Most PALS participants indicated that they would talk with others when deciding whether to participate in an AD prevention study. In prior studies of MCI patients and their study partners, dyads reported that they would decide in partnership whether to enroll in a clinical trial [17]. Caregivers of persons with symptomatic disease have described a caregiver-led, albeit collaborative, approach to research decision-making [18]. The fact that PALS participants were cognitively unimpaired and thus able to be self-directed, as well as the fact that there was no caregiver, may explain these different approaches to research-related decision making. Notably, PALS participants were most likely to talk about research participation with the person whom they ultimately identified as their likely study partner; yet, a majority of participants indicated that, while they would solicit this individual’s input, the decision to participate in research would ultimately be their own. For prospective participants, the decision to participate in an AD prevention study appears distinct from the decision to ask someone to be a study partner; once asked, study partners must then decide if they want to serve as a study partner. This sequential decision-making is not as evident in studies of symptomatic disease, where the participant and study partner appear to make these three key decisions jointly and nearly simultaneously. This multi-step process may complicate recruitment for AD prevention studies.

In studies of symptomatic AD, many study partners are individuals who are already serving as the participant’s caregiver and, thus, are already involved in the participant’s medical care and health-related decision making.
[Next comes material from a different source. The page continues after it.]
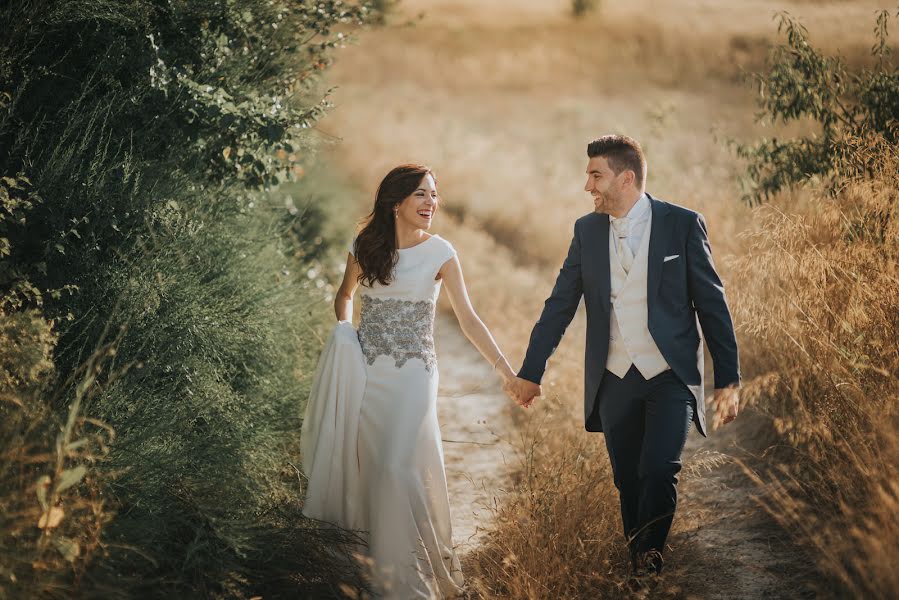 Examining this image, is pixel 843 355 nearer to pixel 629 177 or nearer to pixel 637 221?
pixel 637 221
In AD prevention studies, prospective participants are cognitively unimpaired; they do not have caregivers who naturally step into the study partner role. Nevertheless, all PALS participants could identify one or more individuals in their lives who could plausibly serve as their study partner. Study partners must be familiar with participants’ personal and medical situation [3]. Based on PALS participants’ reported frequency of contact with their likely study partners—daily to weekly—the individuals identified appear to satisfy requirements set out for study partners in prior studies [5]. Moreover, PALS participants and their likely study partners appreciated and underscored the importance of the study partner’s role in assuring high quality data and evinced commitment to scientific integrity. Both PALS participants and their likely study partners considered personal characteristics like interest in research, insight into the participant, and attention to detail as important in a study partner.

Nearly all PALS participants expressed willingness to ask someone to serve as their study partner if they wished to participate in an AD study that required it. This willingness, however, generally extended to only one or two people close to the PALS participant, suggesting that people are selective about involving others in research. This may reflect the stigma of AD and reluctance to share AD-related health information beyond a small circle of others [19, 20]. It also seems to reflect a desire not to impose on or burden others, as evidenced, for example, by weighing logistical considerations when choosing whom to ask.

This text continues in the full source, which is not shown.